9punkt - Die Debattenrundschau
Ein paar Tränen des Schmerzes
Rundblick durch die Feuilletondebatten. Wochentags um 9 Uhr, sonnabends um 10 Uhr.
Religion
Urs Wälterlin besucht für die taz die Provinz Aceh in Indonesien, die eine Sonderstellung in Indonesien hat und ein drakonisches Scharia-Recht eingeführt hat: "Weit über 500 Menschen sind mit der Rute bestraft worden, seit die Provinzregierung im Oktober 2015 den Islamic Criminal Code endgültig eingeführt hat. Das Szenario ist fast immer dasselbe: Der oder die zu Bestrafende kniet am Boden, Körper und Kopf meist mit einem weißen Gewand verhüllt. Daneben steht der schwarz gekleidete vermummte Vollstrecker. Mit einem Bambusstock schlägt er dem Opfer auf den Rücken. Jeder Schlag wird von einem Offiziellen mitgezählt, alles muss korrekt ablaufen. Nur selten hört man die Bestraften klagen. Einige wimmern, andere weinen stumm ein paar Tränen des Schmerzes." Dass sich der Islamismus nicht auf Aceh beschränkt zeigen die Terrorattentate der letzten Tage in Surabaya auf der Insel Java - der jüngste Anschlag wurde heute früh gemeldet.

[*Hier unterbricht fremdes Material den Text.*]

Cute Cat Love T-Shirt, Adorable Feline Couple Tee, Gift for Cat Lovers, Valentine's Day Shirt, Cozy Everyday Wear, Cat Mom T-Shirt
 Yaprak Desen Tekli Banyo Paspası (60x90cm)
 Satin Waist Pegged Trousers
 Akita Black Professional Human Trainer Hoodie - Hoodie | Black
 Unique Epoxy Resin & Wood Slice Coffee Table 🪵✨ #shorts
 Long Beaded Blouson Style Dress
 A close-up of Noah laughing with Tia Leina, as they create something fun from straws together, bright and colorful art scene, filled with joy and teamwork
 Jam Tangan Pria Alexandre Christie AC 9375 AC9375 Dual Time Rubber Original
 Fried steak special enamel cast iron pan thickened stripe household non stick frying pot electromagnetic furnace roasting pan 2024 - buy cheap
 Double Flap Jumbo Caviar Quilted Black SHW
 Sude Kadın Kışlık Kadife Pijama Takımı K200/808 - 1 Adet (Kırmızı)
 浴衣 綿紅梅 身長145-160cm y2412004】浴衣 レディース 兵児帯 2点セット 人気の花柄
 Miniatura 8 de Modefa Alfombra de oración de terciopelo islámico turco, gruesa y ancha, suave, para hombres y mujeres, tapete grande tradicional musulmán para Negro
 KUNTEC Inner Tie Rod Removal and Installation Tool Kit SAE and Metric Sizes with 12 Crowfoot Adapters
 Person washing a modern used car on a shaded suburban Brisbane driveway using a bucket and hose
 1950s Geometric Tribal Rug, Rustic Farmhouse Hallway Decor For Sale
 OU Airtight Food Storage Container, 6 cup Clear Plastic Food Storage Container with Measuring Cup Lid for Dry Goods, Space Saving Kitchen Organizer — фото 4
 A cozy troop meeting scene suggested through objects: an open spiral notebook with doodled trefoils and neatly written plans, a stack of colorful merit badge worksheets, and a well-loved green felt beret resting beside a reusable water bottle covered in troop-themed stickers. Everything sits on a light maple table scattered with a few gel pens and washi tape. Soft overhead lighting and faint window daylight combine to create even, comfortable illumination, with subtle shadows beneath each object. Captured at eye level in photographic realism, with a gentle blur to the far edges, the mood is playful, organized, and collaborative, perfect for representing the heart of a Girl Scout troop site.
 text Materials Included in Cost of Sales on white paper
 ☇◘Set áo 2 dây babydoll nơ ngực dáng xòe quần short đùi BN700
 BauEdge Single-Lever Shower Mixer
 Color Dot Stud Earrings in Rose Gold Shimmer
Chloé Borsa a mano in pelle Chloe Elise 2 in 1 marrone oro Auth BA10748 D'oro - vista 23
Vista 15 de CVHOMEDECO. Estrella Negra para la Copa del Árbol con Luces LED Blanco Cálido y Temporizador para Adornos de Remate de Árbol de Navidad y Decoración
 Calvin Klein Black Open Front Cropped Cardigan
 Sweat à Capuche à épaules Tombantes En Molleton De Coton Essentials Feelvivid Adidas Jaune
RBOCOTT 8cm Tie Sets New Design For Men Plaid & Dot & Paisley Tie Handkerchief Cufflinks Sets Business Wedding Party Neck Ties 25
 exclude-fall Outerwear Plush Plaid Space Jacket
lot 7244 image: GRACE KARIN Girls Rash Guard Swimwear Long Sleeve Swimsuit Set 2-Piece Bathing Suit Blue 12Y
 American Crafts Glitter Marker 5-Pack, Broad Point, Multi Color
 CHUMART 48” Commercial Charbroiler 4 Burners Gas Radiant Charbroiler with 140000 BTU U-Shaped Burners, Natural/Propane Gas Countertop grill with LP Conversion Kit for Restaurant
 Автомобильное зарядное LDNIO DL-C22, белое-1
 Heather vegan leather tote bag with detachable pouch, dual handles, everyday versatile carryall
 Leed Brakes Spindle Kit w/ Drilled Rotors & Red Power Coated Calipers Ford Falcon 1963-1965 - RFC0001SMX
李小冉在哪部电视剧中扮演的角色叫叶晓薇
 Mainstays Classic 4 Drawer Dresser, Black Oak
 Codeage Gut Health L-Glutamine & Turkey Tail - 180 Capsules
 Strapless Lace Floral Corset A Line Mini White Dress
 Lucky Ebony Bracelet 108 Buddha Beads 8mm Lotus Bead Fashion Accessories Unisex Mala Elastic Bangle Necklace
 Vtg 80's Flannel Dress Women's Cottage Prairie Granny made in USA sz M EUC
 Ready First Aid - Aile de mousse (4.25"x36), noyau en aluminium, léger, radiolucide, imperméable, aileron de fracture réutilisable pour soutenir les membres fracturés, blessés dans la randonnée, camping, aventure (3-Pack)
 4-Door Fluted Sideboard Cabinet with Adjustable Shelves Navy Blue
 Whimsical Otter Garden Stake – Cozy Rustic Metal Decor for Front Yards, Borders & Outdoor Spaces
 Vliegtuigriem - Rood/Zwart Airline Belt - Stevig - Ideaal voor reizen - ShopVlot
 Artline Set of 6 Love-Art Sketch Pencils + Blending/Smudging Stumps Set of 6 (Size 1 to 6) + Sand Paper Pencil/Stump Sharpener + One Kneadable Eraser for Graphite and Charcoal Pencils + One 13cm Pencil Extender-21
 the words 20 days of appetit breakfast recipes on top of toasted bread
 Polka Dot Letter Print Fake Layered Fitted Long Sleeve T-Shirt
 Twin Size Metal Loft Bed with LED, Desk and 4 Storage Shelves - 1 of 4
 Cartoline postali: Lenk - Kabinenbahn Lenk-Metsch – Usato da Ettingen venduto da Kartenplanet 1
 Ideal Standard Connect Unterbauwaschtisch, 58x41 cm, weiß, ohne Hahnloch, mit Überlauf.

Der Guardian analysiert in einem Editorial die Beziehungen zwischen evangelikalen und katholischen Organisationen in den USA und hofft, dass beide keine allzu gute Prognose haben: "Der skandalgeschüttelte katholische Klerus ist in liberale und konservative Fraktionen aufgespalten, die beide glauben, sie seien katholischer als der Papst. Nur ein Zustrom von Latino-Immigranten hält die Kirche am Boden. Aber dies bedroht die Allianz mit der evangelikalen Bewegung, die in den letzten dreißig Jahren immer rassistischer wurde. Sie stellte sich gegen die Immigration, aber auch gegen Homosexualität und das Klima-Thema. Dem Präsidenten verzeiht sie all seine Lügen und Liebeshändel, weil er so klar für 'white supremacy" einsteht. Aber wenn er Macht verliert, wird es den Fundamentalisten genauso ergehen. Durch ihre patriarchale Haltung zu den Frauen, haben sie die junge Generation bereits verloren."
Kulturpolitik
Ideen
Europa
Politik
Im Interview mit der Berliner Zeitung spricht der israelische Schriftsteller Etgar Keret über seine stark vom Holocaust und Militärdienst geprägte Familie und über die Rolle der Religiösen in Israel: "Für mich sind die Ultraorthodoxen im Land nicht das Hauptproblem, die Nationalreligiösen sind es. Die Orthodoxen wollen leben, wie sie es für richtig halten. Sie wollen mich nicht bekehren. Während die Rechten, die Nationalreligiösen, verlangen, dass alle das Gleiche sagen und man keine Kritik übt. Sie begründen das mit der Einheit Israels, aber diese Gleichmacherei hat etwas Faschistisches. ... An israelischen Universitäten soll jetzt eine Art ethischer Code eingeführt werden. Was nichts anderes heißt, als dass man nicht seine politische Meinung sagen darf. Und die Orthodoxen machen das alles nicht mit. Meine Schwester geht nicht wählen, und ich bin mir sicher, dass sie nicht das Gefühl hat, der israelische Premierminister repräsentiere sie."
Gesellschaft
Außerdem: Mariam Lau berichtet auf Zeit online über eine Debatte in Bonn, die über "islamkonformes Schwimmen" in einem neuen Bad kreist.